SIGMA=0.05 # width of smearing, eV.
#ALGO=All # alternative to ALGO/TIME below, which work well for this system
TIME=0.5
ALGO=Damped # rec'd for small gap systems
LDIAG=.TRUE. # might want to turn this on; see manual
PREC=Accurate
LREAL=.FALSE. # Don't change this for subsequent calcs.
ENCUT=520 # Don't change this for subsequent calcs.
EDIFF=1E-9
NGX=126 # Prevent aliasing. Based on 12/19/2017 runs.
NGY=126
NGZ=126
NSW=0 # If we don't converge in 10 steps, we probably won't
IBRION=-1 #1=update ion positions. #-1=no update but re-optimize e- degrees of freedom each NSW loop. If no ionic update is required use NSW=0 instead.
NBANDS=784
NELMIN=3 # minumum number of electronic steps
NELM=3 # maximum number of electronic steps unless EDIFF reached
NSIM=4 #
NPAR=28 # CPUs per group. 28 for LEAP, 24 for Comet. 8=sqrt(72) on LEAP himem.
# KPAR=2 # How to parallelize k points
LASYNC=.FALSE. # reduces inter-node communication
LWAVE=.TRUE. # BandUP doesn't need WAVECAR, but VASP doesn't resume a job properly without it; starts over from scratch.
LCHARG=.TRUE. # BandUP needs CHGCAR

Re: internal error in SET_INDPW_FULL: insufficient memory

Posted: Wed Apr 25, 2018 9:51 pm
by mwistey
If anyone is still tracking this, this bug is reproducible and still wild. This week it killed 22 out of roughly 60 of my large simulation jobs. If anyone finds a workaround or code fix, please post it!

Re: internal error in SET_INDPW_FULL: insufficient memory

Posted: Sat May 05, 2018 9:41 pm
by DannyVanpoucke
@mwistey: Two more options that could help ( I just had a fight with an HSE system which also did not get resolved by the method above):
1) Make sure KPAR & NPAR together give rise to an NPAR = # cores. Let me explain: Assume you have 5 nodes of 28 core, and 75 k-points. In this case if you set KPAR=20 you end up with 7 cores per K-point, so that means NPAR=7. [fixed my current problem]

2) Switch of symmetry : ISYM = 0 [that would have been my next try, if 1 didn't work]

Good luck.

Danny

Re: internal error in SET_INDPW_FULL: insufficient memory

Posted: Fri Dec 21, 2018 10:01 pm
by mwistey
If anyone is still running into this problem, I found that running the job on a different number of nodes may allow the job to run. So it may be a bug in the way VASP counts the tasks that are assigned to each CPU or node.

@DannyVanpoucke: Thanks for the suggestions. I did verify NPAR = # cores, so it wasn't that. I didn't try the ISYM=0 yet.
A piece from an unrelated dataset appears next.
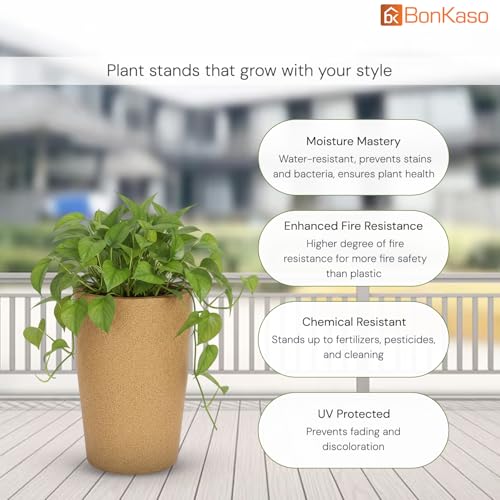 Image of BonKaso 18 inch Beige Pot - Tall, Durable & Lightweight Polymer Round Tower Planter for Indoor & Outdoor Use: Home, Office, Garden & Balcony (Gamla /Gamale)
A few of my jobs don't seem to run with either 1 more or 1 fewer nodes, so I'll try that next.

Re: internal error in SET_INDPW_FULL: insufficient memory

Posted: Tue Jul 06, 2021 8:15 am
by rolando_saniz1
Dear all,

We found (more precisely, Maxime van den Bossche from the support team at KU Leuven) a fix for the problem referred to in the subject.
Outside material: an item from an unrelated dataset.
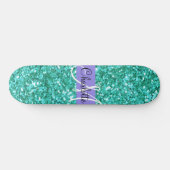 Aquamariner funkelnder Glitzer mit Monogramm Skateboard (Horizontal)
The complete error message hints at where the problem lies ( "see wave.F safeguard").

The error can be avoided by slightly increasing the safeguard for the number of plane waves in wave.F Specifically, in line 1897 of src/wave.F (in VASP 6.1.2) Maxime incremented the NRPLWV variable to 16, from 8 in the original version.

Maxime's explanation is that in wave.F, an estimate of the number of plane waves seems to be calculated by each MPI process, and then the maximum of these numbers is taken and broadcasted. Then each process increments this number by 8. The modification simply consists of again incrementing the resulting number by 8. Note that the problem is not that there is not enough RAM, but that the size of an allocated array appears to be insufficient in some cases.
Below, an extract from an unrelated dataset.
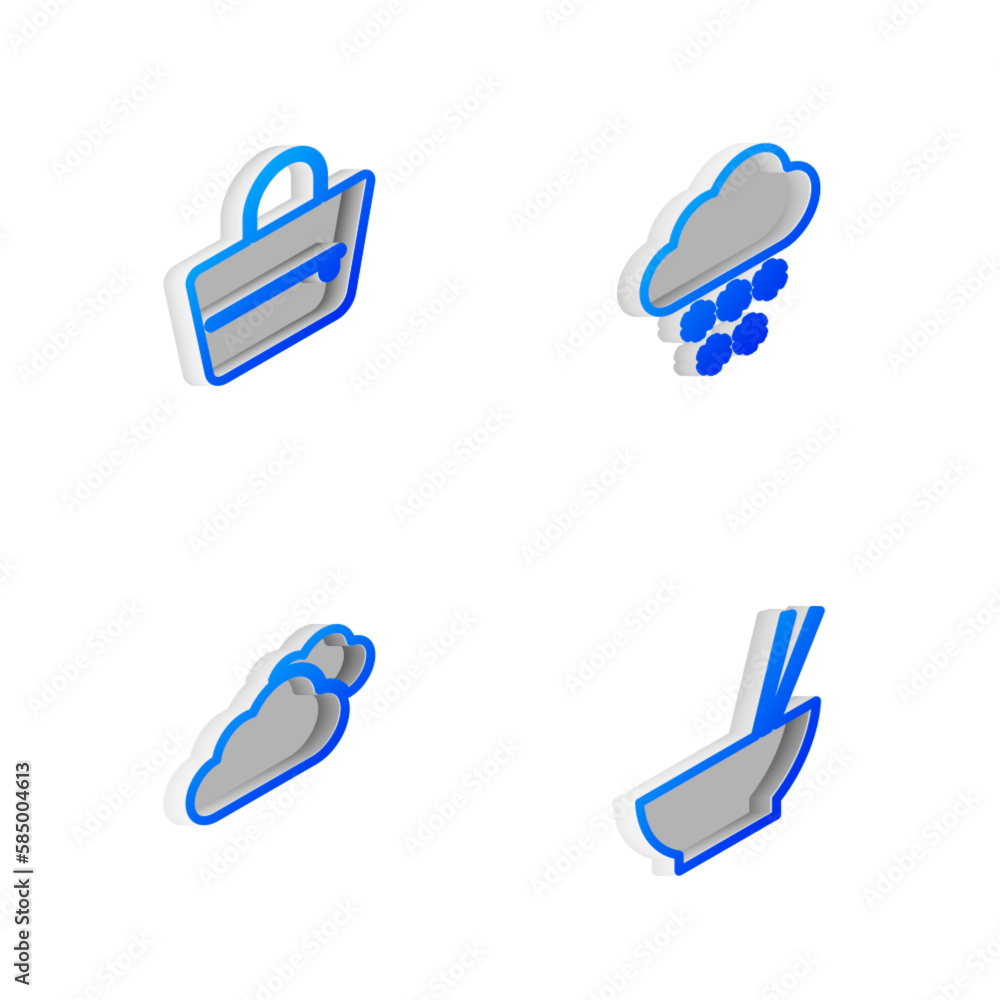 Set Isometric line Cloud with snow, Handbag, and Bowl chopsticks icon. Vector Set Isometric line Cloud with snow, Handbag, and Bowl chopsticks icon. Vector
Note that one can try to avoid the problem by changing the NPAR and KPAR settings. For a given number of cores, we found that while for some settings the allocated array can be insufficient, it might be sufficient for other settings. Of course, the settings one is forced to use in that case might not be optimal. Changing the safeguard value can provide a more general solution.

Hope the above helps.

Best regards,
Rolando

Re: internal error in SET_INDPW_FULL: insufficient memory

Posted: Thu Jul 08, 2021 10:21 am
by henrique_miranda
Thank you for reporting this.

Adding +8 to the first dimension of the WF is done to prevent this error from occurring.
If this is not enough in some cases then increasing further +16 as you point out can fix the issue.

But this is admittedly not the optimal solution and we will try to implement an approach that guarantees that this never occurs in a future version of the code.

It would be very helpful for us if you could provide the INCAR, POSCAR, and KPOINTS file and OUTCAR where this issue occurred.
This is so that we can reproduce the issue locally (the OUTCAR contains information about the number of cores) and check if the new implementation fixes the problem.

Kind regards,
Henrique Miranda